Gaibi wrote a discourse in Ottoman Turkish about the rules of the Jelveti order, titled Risāle-i tarīkatnāme, two copies of which are preserved in the University Library in Bratislava, Slovakia (the manuscripts 426TF7 and 427TG20). They are part of Bašagić's Collection of Islamic manuscripts, which is kept in the library. A Sharia judge from Gradiška donated in 1894 a booklet titled Risalei Šerife Šejh Mustafa-efendi Gaibi to the turbe at Stara Gradiška. It is a collection of seven writings by Gaibi in Ottoman Turkish, including a discourse on the Sufi piety, a dirge for Bosnia, a testament to his son, and four letters. Three more letters by Gaibi are found in Kadić's Collection, kept in the Gazi Husrev-beg Library in Sarajevo. They were copied from a lost chronicle written by Husejn-efendija Muzaferija (1646–1721), an Islamic scholar from Sarajevo. There is a poem referred to as Kasida Gaibija, but its authorship is a matter of debate.

As is common In Sufi writings, Gaibi often uses allusion and allegory. His discourses, his testament, and his letter to his son are of a didactic character, while his other writings contain shathiyyat, i.e., strange expressions of a Sufi mystic in ecstasy. Many statements in his letters are difficult to understand. The first work in Risalei Šerife is his letter to a dervish in Sarajevo, in which he signed himself as Topuz Baba, meaning "Father Mace". Here Gaibi states, "I walk on the earth and give light to the stars. I am at the third stage. But the light also falls on roses and sheep droppings. I need none of that." In his letter to Mehmed-čelebija of Jajce, Gaibi reproaches him, "A Turk fell in love with an Italian woman." In the dirge, Gaibi laments over Bosnia that is pressed by enemies on all sides, and he adds hopefully, "When appear the first, second and third mīm (م), conquests arise. And when emerge jīm and kāf (ج and ك), Islam will be fine." Gaibi, like other Sufis, ascribes some mystical meaning to Arabic letters.
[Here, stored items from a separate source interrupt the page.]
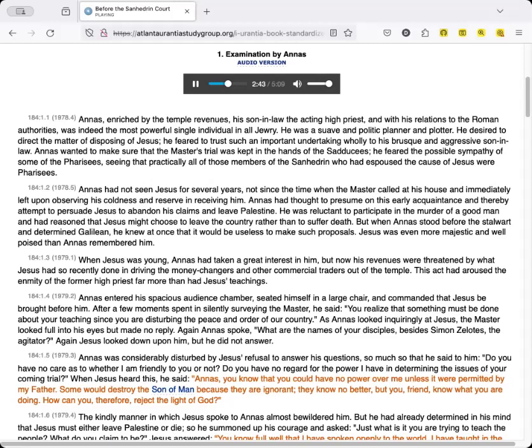Annas, you know that you could have no power over me unless it were permitted by my Father. Some would destroy the Son of Man because they are ignorant, they know no better. But you, friend, know what you are doing. How can you therefore reject the light of God?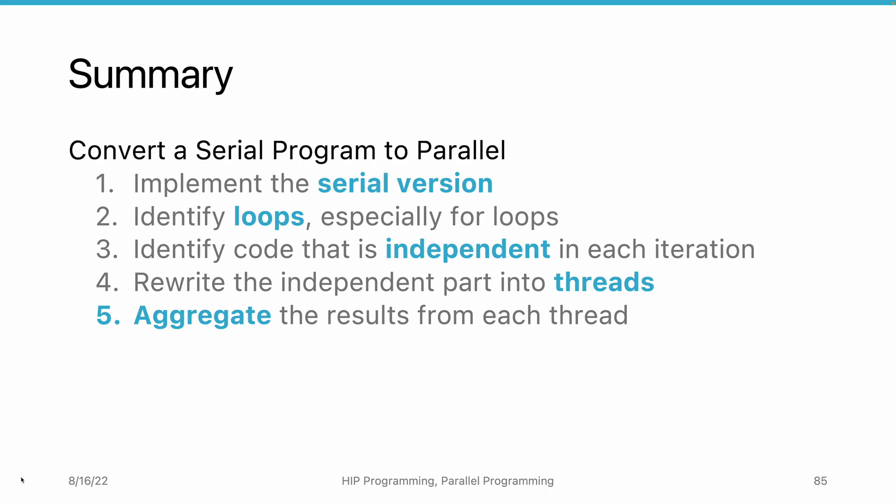Next, we identify loops, especially for loops. For loops are easier than while loops because we know how many iterations to run beforehand. Then, we need to look deeper into the loop to identify the part that is iteration-independent. We can easily convert iteration-independent parts into threads. But we need to develop a new solution to aggregate the results from each thread to complete the cross-iteration operations.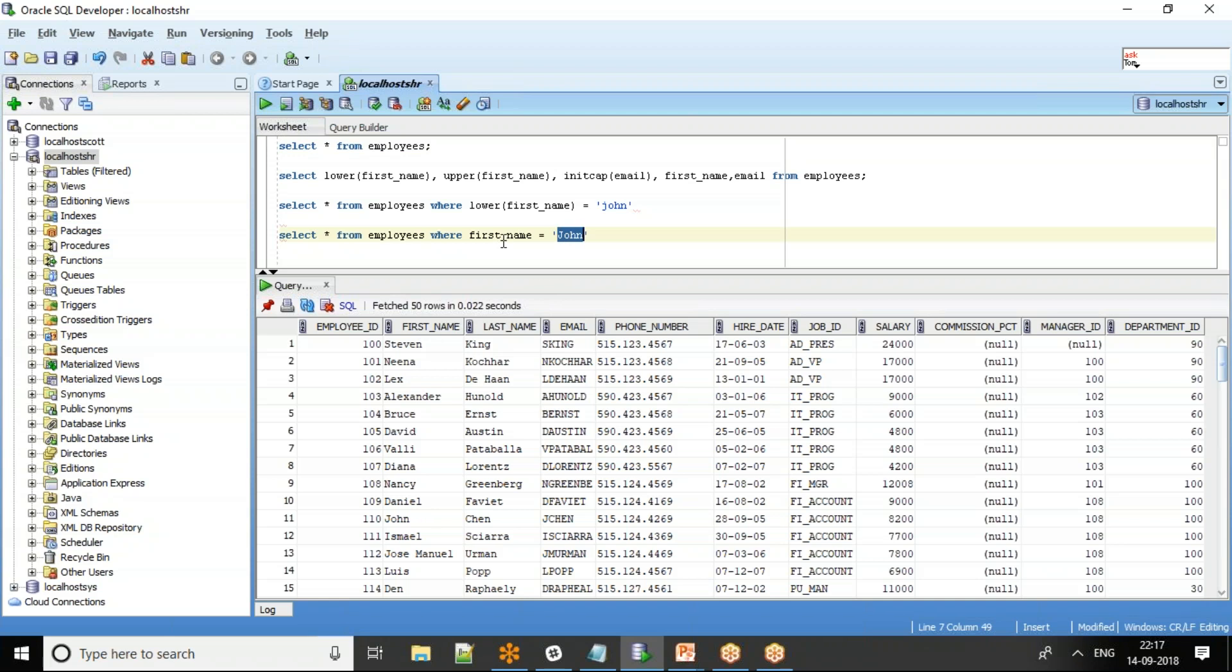This is just a quick video on how to use the case conversion functions. Thank you.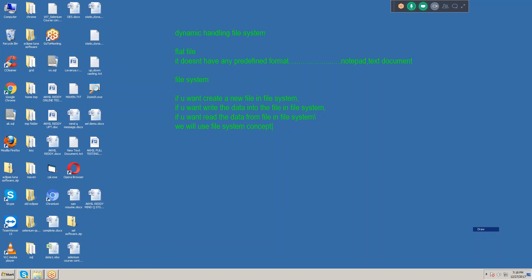Today's concept is file system concept. Through code, without going to D drive, E drive, or F drive, through code we can create a new file in the file system, we can write the data into the file, and we can get the data from the file system. Without going anywhere, through code we can create a file, write data into it, and get data from it. That is the dynamic handling file system concept.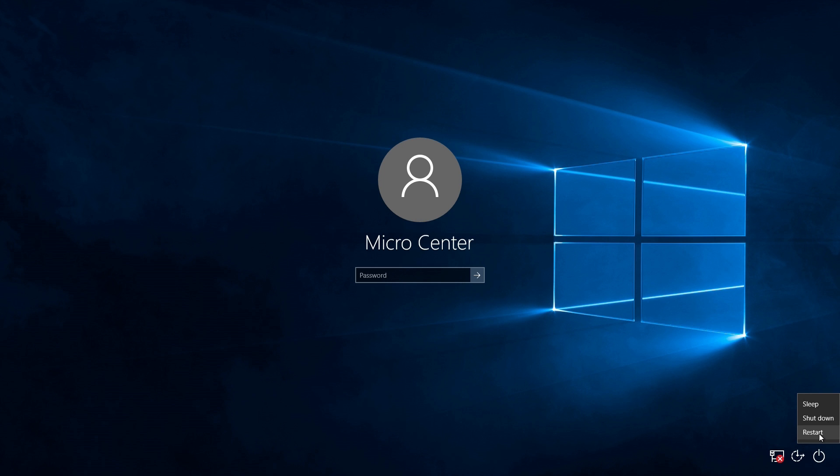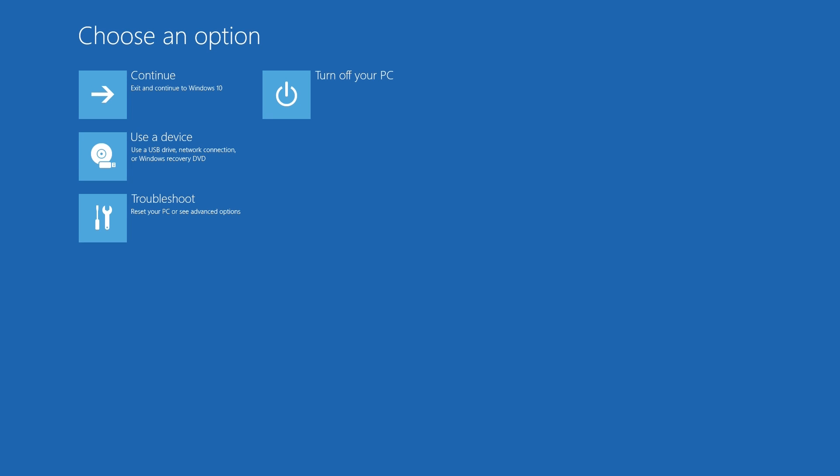You'll see the computer go into a please wait screen and a moment later you should get the recovery options.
Gaibi's letter to Sultan Mehmed IV has an introduction composed by someone else. Gaibi, who lived in Banja Luka, was invited to visit the sultan in Belgrade, but he sent the letter instead. It was so enigmatic that a scholar was engaged to interpret it. It consisted of twelve points; e.g., the eighth point stated, "There are many skins, but one is missing." This was interpreted to mean that the sultan's realm abounded in violence, lies, licentiousness, corruption, and other vices, all of which was the wrong way, while the right way was missing, as no one held on to it. Another manuscript collection contains a copy of this letter, and in it he is signed as "Fakir Gaibi, the leader of the hajduks from Kupres". Two letters by Gaibi to the Grand Vizier Suleiman Pasha in Belgrade, dated to 1686, are found in Kadić's Collection. The first of them resembles the letter to the sultan and has the same signature as in that copy of it. In his second letter to Suleiman Pasha, Gaibi states, "In the Ottoman Empire, there is no religion that is not full of violence. Regarding bribery, you [all] have made it so public and only through it one can get things done." In the end, Gaibi blesses him. In his letter to Davud-efendija, the Kadi of Banja Luka, Gaibi dares him to ravage Banja Luka as he did in Užice.